Despite this Grimm’s zero spin on the whole wolf-in-sheep’s-clothing tale, I didn’t mind it. Perhaps it’s because I was suffering from an unjust hangover paired with some aggressive cold meds, but sometimes it’s just fun to watch people turn into sheep.
And Grimm showed a lot of sheep people this week. Someone should recreate this scene with oil paints. I would pay $15.00 for that. Anyways, this is the “flock.” You get it? The flock. A shepherd’s flock. Like Jesus. But this time a blutbad is Jesus, and instead of blessing his flock, this church leader is banging all the sheep and stealing their money. Because people who believe in religion have a herd mentality.
JK, JK this is Grimm guys. Just relax and watch this lady turn into a sheep.
ELABORATE DEATH SCENE.
Nick and Hank are assigned the sheeple case after the fella above is thrown into a meat grinder. Thankfully, he had a metal hip, so Grimm got to show some disgusting chewed up remains and a leg, and Nick and Hank got a fancy new assignment. It’s infinitely better now that Hank knows about the fairy tale folk; it saves oodles of time without having Nick dance around his web of terrible lies. Moving on. Monroe goes undercover (is adorable as a Hobo Wolf), and we find out that the wolf is diddling the head sheep. The head sheep finds out the wolf is diddling all the other sheep ladies, and the herd murders him with their bare hands. No one goes to jail. “Let the DA handle it,” says Captain Sexy. Team high five, and Grimm is over.
It wasn’t particularly clever, but it was pretty fun. Aside from the whole group murder thing.
• Captain Renard is slowly turning into a silver fox. Also, he might be in love with Nick’s fiance, which I’m OK with because this amnesia story is going nowhere.
• The beaver folk were back, continue to be awesome.

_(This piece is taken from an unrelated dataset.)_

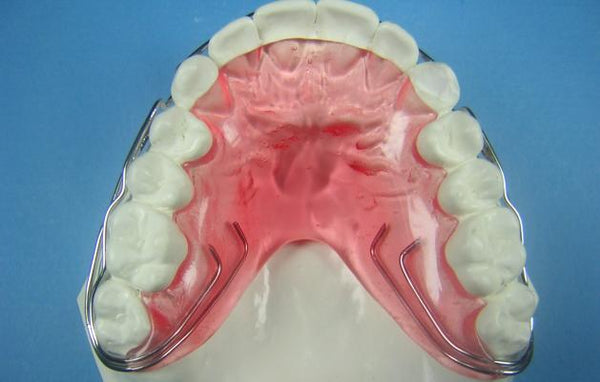 Tremont Cantilever Wrap Around Retainer Orthodontic Model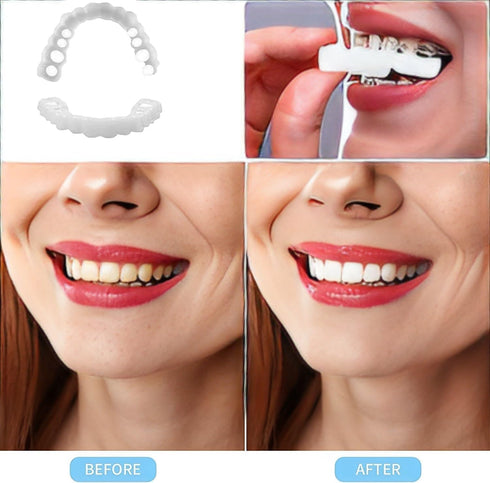 Men's and Women's Temporary Cosmetic Confident Smile...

• And finally, the pony man. OH BOY. Anyone else scream when he donkey kicked the shit out of Nick? PONY PUNCH! Usually Grimm tries to pair personalities or jobs with whatever animal mimics the qualities needed for said character. It’s usually insanely obvious: snake=lawyer. That being said, I’m not really sure what a horse has to do with being stealthy. I mean they are crazy looking creatures that make me uncomfortable, but I wouldn’t necessarily send a horse on a cat burglar assignment. Why not a cat? When I think of horse person in real life, I think of Bill Brasky. Just sayin.